== REQUIRED ACTION ==
In the listing below, find the line containing "SELENASE 200 XXL tabletten, 90 stuks" and the line containing "Trendy 925 Sterling". Repeat exactly those two lines and every line between them, nothing more.

== RECORDS SHOWN ==
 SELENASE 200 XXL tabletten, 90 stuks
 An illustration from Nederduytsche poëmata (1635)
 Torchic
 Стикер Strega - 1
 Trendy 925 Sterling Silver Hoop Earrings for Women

* * *

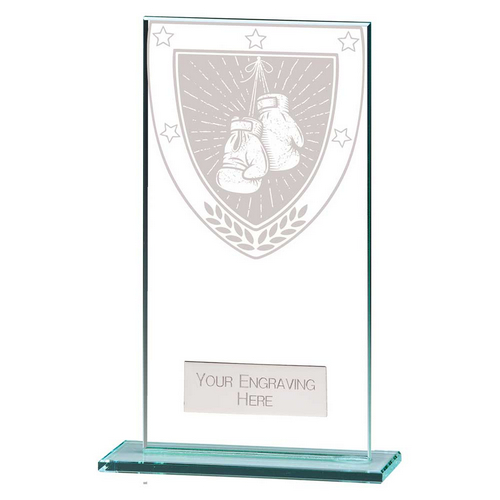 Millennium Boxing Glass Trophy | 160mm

== ANSWER TO THIS EXERCISE ==
 SELENASE 200 XXL tabletten, 90 stuks
 An illustration from Nederduytsche poëmata (1635)
 Torchic
 Стикер Strega - 1
 Trendy 925 Sterling Silver Hoop Earrings for Women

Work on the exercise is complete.